Bibliometrics is a set of methods to quantitatively analyze scientific and technological literature in order to study the research activity itself. Large sets of bibliographic data are turned into advanced indicators for productivity, research profiles, scientific developments, research fronts, collaboration patterns, and citation impact.
Bibliometric studies have been carried out at NIFU since 1985. The studies have varied from basic research projects to bibliometrics for research evaluations, mapping of research fields and collaboration networks, and advanced bibliometric indicators for annual statistical reports.
NIFU carries out bibliometric research and analyses for various organizations, for example, the Research Council of Norway, the Norwegian Ministry of Education and Research, the Norwegian Ministry of Health and Care Services, the Norwegian Association of Higher Education Institutions, NordForsk (Nordic Council of Ministers), the The Danish Ministry of Science, Innovation and Higher Education, and the EU commission.
Examples of previous projects with bibliometric studies can be divided into five categories:
- Monitoring of scientific development: includes analyses of trends in the performance of particular scientific disciplines and countries, for example the level of the activity in terms of number of publications and the citation rates of these publications. Typically, comparisons are made between countries or institutions. Such analyses and data are often included in white papers on research and in other science policy documents. In particular, bibliometric indicators are used for this purpose in the Report on Science & Technology Indicators for Norway, which is published annually by the Research Council of Norway. The report contains a broad range of input and output indicators. Bibliometric data are used to construct indicators of the output and impact of the research system, and of international collaboration in research.

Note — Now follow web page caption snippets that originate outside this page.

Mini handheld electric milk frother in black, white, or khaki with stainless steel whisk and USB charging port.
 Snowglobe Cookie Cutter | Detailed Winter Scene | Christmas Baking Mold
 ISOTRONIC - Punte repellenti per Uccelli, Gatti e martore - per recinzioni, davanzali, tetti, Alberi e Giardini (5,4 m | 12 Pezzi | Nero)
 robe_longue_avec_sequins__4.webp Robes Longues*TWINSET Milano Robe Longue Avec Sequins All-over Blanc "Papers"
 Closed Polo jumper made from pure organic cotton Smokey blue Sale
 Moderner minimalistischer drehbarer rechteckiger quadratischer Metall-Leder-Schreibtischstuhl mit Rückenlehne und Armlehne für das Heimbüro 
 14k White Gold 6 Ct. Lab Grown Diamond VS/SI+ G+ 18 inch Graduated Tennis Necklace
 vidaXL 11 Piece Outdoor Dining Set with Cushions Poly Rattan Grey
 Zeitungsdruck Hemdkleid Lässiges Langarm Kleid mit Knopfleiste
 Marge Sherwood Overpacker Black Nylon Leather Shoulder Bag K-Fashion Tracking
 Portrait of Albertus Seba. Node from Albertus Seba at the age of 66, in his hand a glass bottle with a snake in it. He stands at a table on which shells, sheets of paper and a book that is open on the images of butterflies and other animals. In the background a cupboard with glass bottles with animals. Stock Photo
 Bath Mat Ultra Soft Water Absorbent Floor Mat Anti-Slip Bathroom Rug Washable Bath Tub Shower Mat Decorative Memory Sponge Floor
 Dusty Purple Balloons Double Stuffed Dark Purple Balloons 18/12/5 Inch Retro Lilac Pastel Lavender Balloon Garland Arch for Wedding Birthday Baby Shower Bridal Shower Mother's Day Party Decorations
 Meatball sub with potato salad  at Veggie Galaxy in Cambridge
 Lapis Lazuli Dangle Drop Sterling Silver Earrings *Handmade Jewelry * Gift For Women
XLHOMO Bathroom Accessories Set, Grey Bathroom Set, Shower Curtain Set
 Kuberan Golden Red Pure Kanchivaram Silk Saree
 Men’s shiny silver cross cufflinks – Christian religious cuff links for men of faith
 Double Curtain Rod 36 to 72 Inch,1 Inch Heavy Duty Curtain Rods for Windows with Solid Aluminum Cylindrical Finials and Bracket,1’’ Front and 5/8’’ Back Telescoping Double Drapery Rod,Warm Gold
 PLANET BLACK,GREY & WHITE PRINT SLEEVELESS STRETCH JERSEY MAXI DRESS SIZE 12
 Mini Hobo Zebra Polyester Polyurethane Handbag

- Research evaluations: Increasingly, bibliometrics analyses have been provided as part of research evaluations in Norway. Here, bibliometric data and indicators are used as information for the peer-review process in the assessment of the research performance. Our analyses have covered evaluations of institutions (seldom), programmes (more often) and disciplines (regularly).
- Complete publication data for performance based funding of three main research sectors: NIFU has been involved in the development of funding models based on bibliometric data. Such systems have now been developed for three sectors: Hospitals (since 2003), developed for the Ministry of Health and Care Services; Higher Education Sector (since 2004), developed for the Norwegian Association for Higher Education Institutions; The institute sector (as of 2008), developed for the Research Council of Norway. Although the models differ slightly, the basic principle is bibliometric indicators where publications are weighted and counted in a way that balances between field specific publications patterns, thereby making them comparable also across the three sectors just mentioned.
- Field studies: NIFU’s bibliometric analyses have been included in studies of research fields and disciplines. For example, NIFU has carried out analyses of polar research and fuel cell and hydrogen technology as well as wind, solar photovoltaic, CO2 capture and storage and second generation biofuels where bibliometric indicators have been used for mapping the structure and development of the research activities.
- Scientific contributions: NIFU has regularly published scientific contributions within the field of bibliometrics. Among are two doctoral dissertations: Svein Kyvik: Productivity in Academia (1991); and Dag W. Aksnes: Citations and their use as Indicators in Science Policy (2005). Examples of some recent publications can be found in the reference list of this document and in the CVs of NIFU’s team for this project. The scientific studies cover a wide range of issues within many areas of bibliometrics, from patents studies to methodological issues. A common characteristic is, however, a science policy approach. Four research areas can be mentioned specifically: Journal impact factors (Per O. Seglen), productivity studies (Svein Kyvik), citation indicators (Dag W. Aksnes), and studies of collaboration patterns, development of bibliometric funding models, and studies of publication patterns in the humanities and social sciences (Gunnar Sivertsen).